When they emerged, the Italians vowed to do things “right.” On Wednesday, the death toll topped 125 and shows no sign of easing.
What’s particularly troubling about the return of COVID in Italy is that the country has done everything experts like Dr. Anthony Fauci have been advising. Face masks in public places have been compulsory for months, social distancing is strongly enforced, nightclubs have never reopened, and sporting arenas are at less than a third of capacity. Children who are back at school are regularly tested and strictly social-distanced, and yet, the second wave seems completely unstoppable.
There hasn’t been much real opposition or pushback from folks tired of the virus restrictions. That’s what overflowing hospitals and thousands of old people dying of COVID in their homes will do. The Italians were genuinely scared and obeyed the government regulations.
While ruling out another full lockdown, Italian health officials are instead urging people to limit their own movements, even as concern grows that by keeping them at their homes, they are inadvertently encouraging private parties where the spread seems to be the worst at the moment. Italy’s health ministry released data this week showing that 80.3 percent of the new infections “occur at home” while only 4.2 percent come from recreational activities and schools.
Well, there’s no accounting for stupidity.
To some degree, the increase in positive tests is the result of very aggressive testing. The government tested 180,000 people on Wednesday — a record. Naturally, that means more cases were found. It also means more asymptomatic cases were discovered — people who might carry the disease but never get sick themselves.

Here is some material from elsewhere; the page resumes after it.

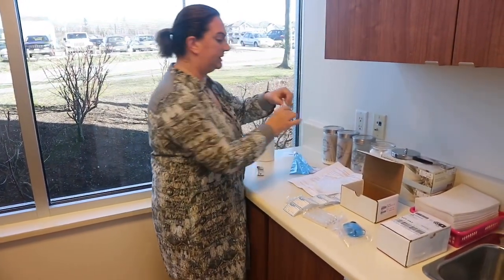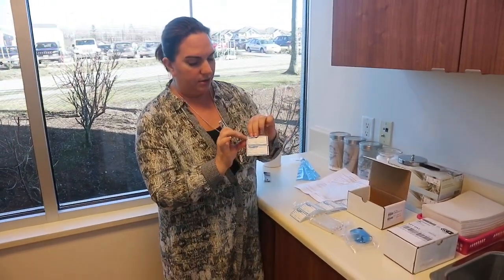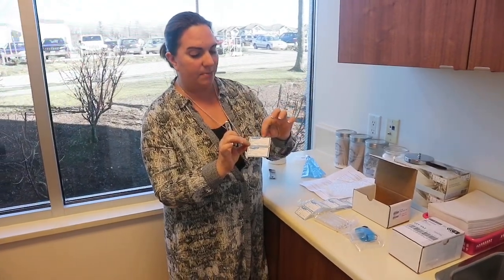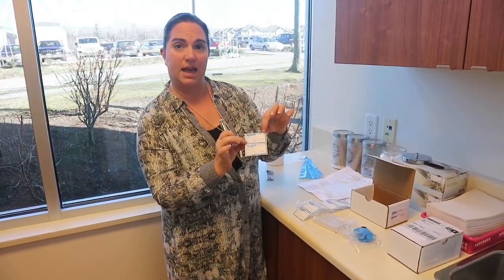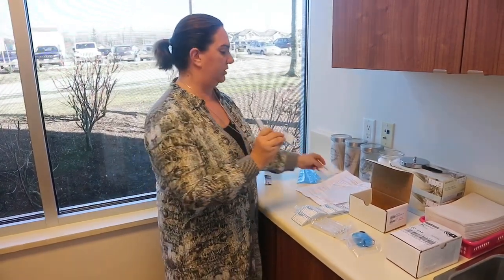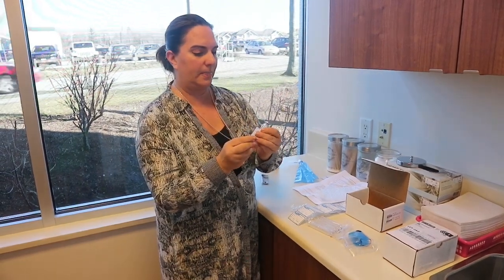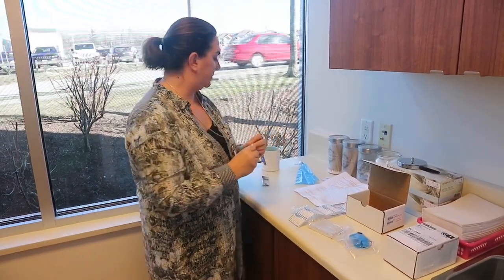Then what you want to do is take your first collection tube. You're going to write your name, your date, and then the sample — you're going to put a B for baseline. So this will be the baseline sample that you do before drinking the lactulose. Put that on there and then we're ready to do our first test.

But authorities are very concerned still that despite all the best efforts to contain the spread, it simply cannot be stopped. The government’s experts insist that the rate of contagion among schoolchildren is not the driving factor; but young people who feel confident they won’t get very sick and insist on gathering socially may be. Now major cities like Milan, Rome, and Naples have evening curfews to try to stop young people from gathering socially, which seems to be contributing to the spread. [Infecious disease specialist Walter] Ricciardi [Italy’s version of Dr. Anthony Fauci] said most of the contagion that happens within multigenerational homes comes from young people bringing it in.
So what’s to be done? Masks aren’t helping. Social distancing isn’t working. Lockdowns failed. Why?
The efforts of the government to protect us from Mother Nature were destined to be futile. It’s like hoping your backyard fence protects you from a tsunami. The coronavirus is a life form that will survive and thrive wherever it wants. It doesn’t pay attention to masks. If it can’t get past a mask, it goes around it and infects someone else somewhere else — that includes people six feet away. It’s a basic, primitive form of life whose only purpose in being alive is to replicate itself. It does that by taking up residence in a human host and begin to reproduce.
I think public health officials are at a loss on what to do because they lack the imagination to see the big picture. We are going to be living with this coronavirus for a while — maybe a long while. It’s time we started imagining a world with it rather than hoping for a world without it.
The latter world is desirable. The former is messy, distasteful, and will sometimes be deadly. “You can’t always get what you want,” said the famous philosopher Mick Jagger. Perhaps if Fauci and other “experts” started thinking that way, our lives would improve.